**Entries supplied**.
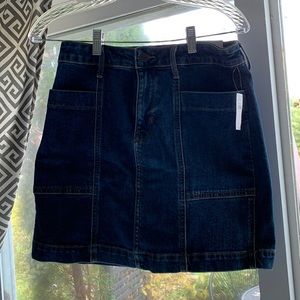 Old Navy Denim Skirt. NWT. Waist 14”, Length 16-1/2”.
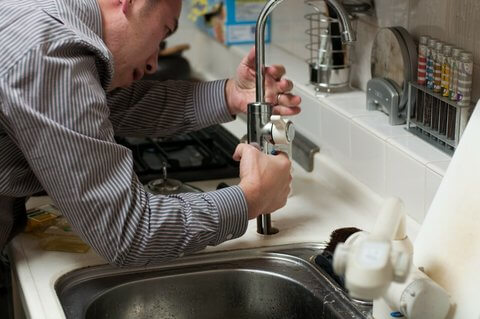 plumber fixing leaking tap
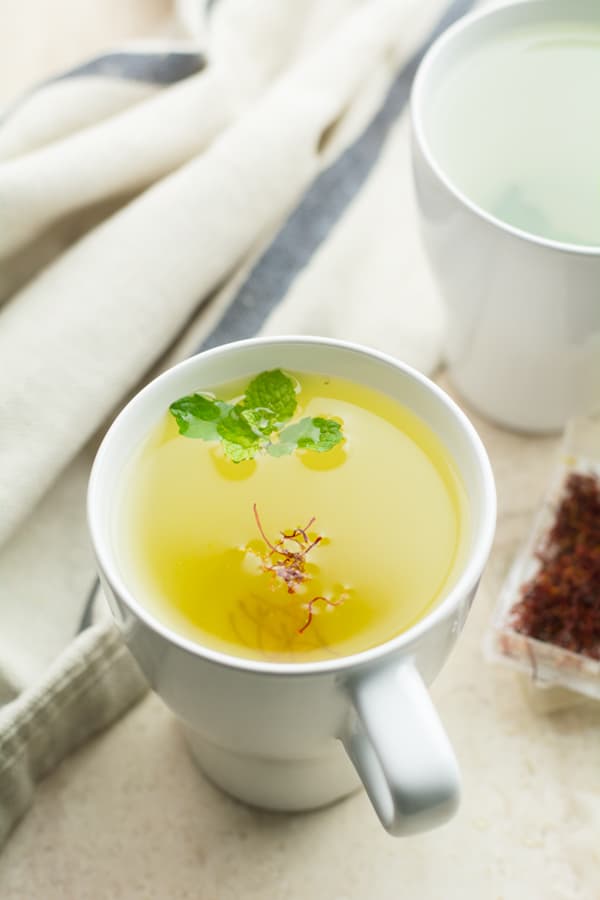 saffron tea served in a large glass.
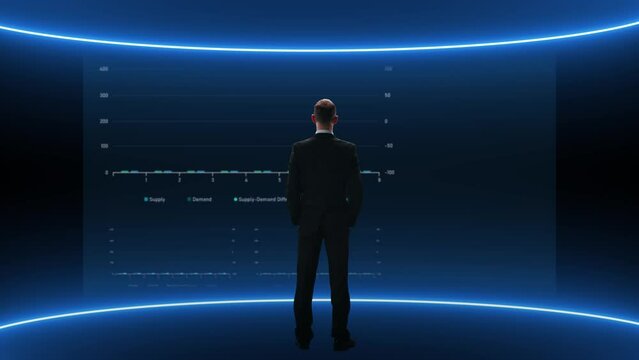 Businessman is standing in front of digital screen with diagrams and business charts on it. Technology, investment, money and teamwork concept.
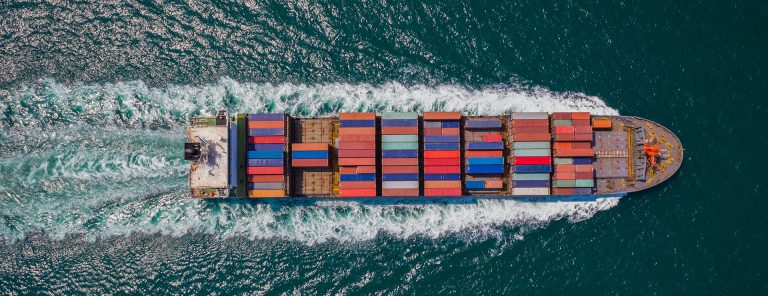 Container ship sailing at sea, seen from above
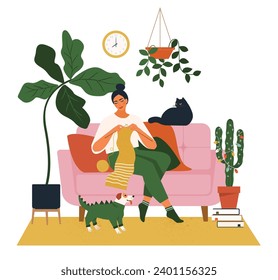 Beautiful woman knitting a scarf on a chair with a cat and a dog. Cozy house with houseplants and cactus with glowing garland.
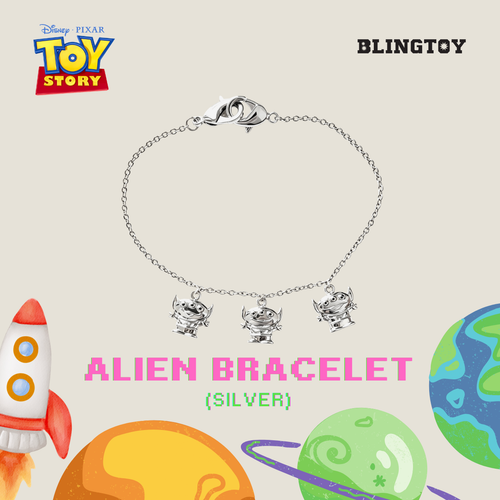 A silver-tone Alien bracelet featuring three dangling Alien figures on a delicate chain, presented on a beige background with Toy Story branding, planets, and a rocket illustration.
==
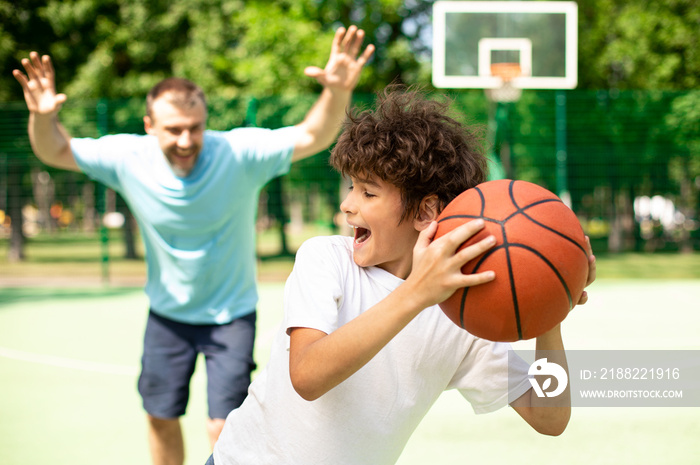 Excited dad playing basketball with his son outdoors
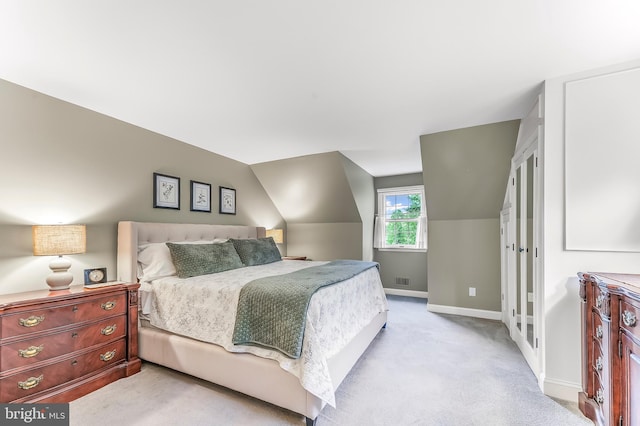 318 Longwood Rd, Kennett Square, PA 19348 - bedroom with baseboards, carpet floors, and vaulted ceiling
...
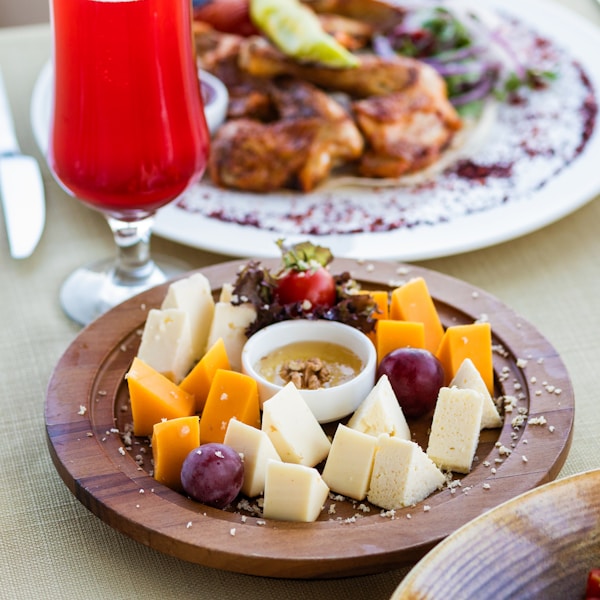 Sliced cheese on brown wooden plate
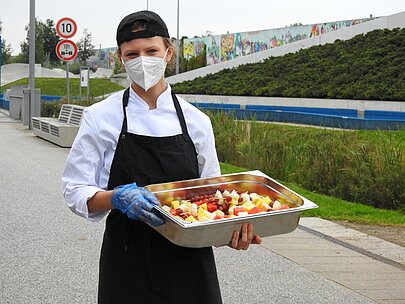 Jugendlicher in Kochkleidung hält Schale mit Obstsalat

**Exercise goal**. Range to copy from the listing above: the line with "plumber fixing leaking tap" through the line with "A silver-tone Alien". Transcribe it exactly and skip the pictures.

**Exercise output**.
 plumber fixing leaking tap
 saffron tea served in a large glass.
 Businessman is standing in front of digital screen with diagrams and business charts on it. Technology, investment, money and teamwork concept.
 Container ship sailing at sea, seen from above
 Beautiful woman knitting a scarf on a chair with a cat and a dog. Cozy house with houseplants and cactus with glowing garland.
 A silver-tone Alien bracelet featuring three dangling Alien figures on a delicate chain, presented on a beige background with Toy Story branding, planets, and a rocket illustration.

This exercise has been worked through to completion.